In homes, parents don’t know what to tell their children about surfing the internet safely because the internet is so fundamentally different from what it was just ten years ago. There’s no institutional knowledge for how tablets affect toddlers or at what age children are liable to wander into the darker alleys of the internet… or if that’s even correlated with age. What content is good or bad for them? Is that even possible to measure? I remember a time before the internet where ideas backed by information were stronger than ideas that weren’t. Now, every idea can so easily find information to support it, but not all information is equal. Therein lies the problem.
Our ability to distinguish valuable, relevant information from noise has not grown proportionally with our access to it. With books, humanity eventually developed filtration methods, primarily in the form of literacy and critical thinking. Rigorously refined ideas were the only ones that warranted the effort to be studied, reproduced, and incorporated into reference texts and archives. Schoolchildren and especially college students are rigorously taught to distinguish good from bad sources, and to cite their assertions.
We don’t quite have that yet for the internet. Digital activity is monetized by clicks, and measured by attention (time spent viewing content), so the economic incentive of any web-based company is to present you, the digital denizen, with information that you react to, which is probably what you like.
If you read something in a newspaper or heard it on a radio or even saw it on T.V., describing it to a friend would require some degree of processing and mental digestion, during which many baseless ideas might get filtered out. Now, with the touch of a screen or click of a mouse, any headline that even for a split second inspires you to share can within seconds be presented to hundreds or thousands of others, many of whom might have a similar reaction and continue the chain. I’ve fallen victim to this mentality many times, and am thankful for friends who hold me accountable and prevent me from harboring false ideas.
I implore you to ask: What is your standard for truth? Specifically in the realm of politics. Whom do you believe, and why?
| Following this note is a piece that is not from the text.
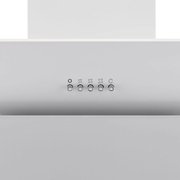 Вытяжка  KRONA FIONA 600 WHITE PB фото 4 в Екатеринбурге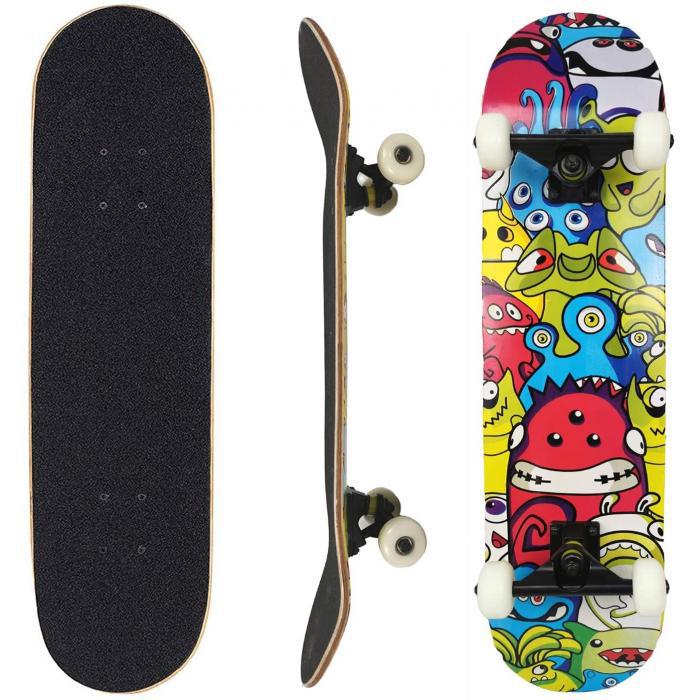 სკეიტბორდი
I don’t have a clear answer for this if you ask me, but these are questions I want to think about and discuss with as many people as possible. Given recent events, I think it’s evident that the average American’s understanding of the political climate is, at best, guesswork. Which might be fine if Democracy didn’t depend on us understanding one another. But it does. We’re all on this rock hurtling through space together; let’s at least try to get along, however bleak the task may seem.
And so, I’m going to start this series, primarily as my own outlet for meditation on the goings on of the world.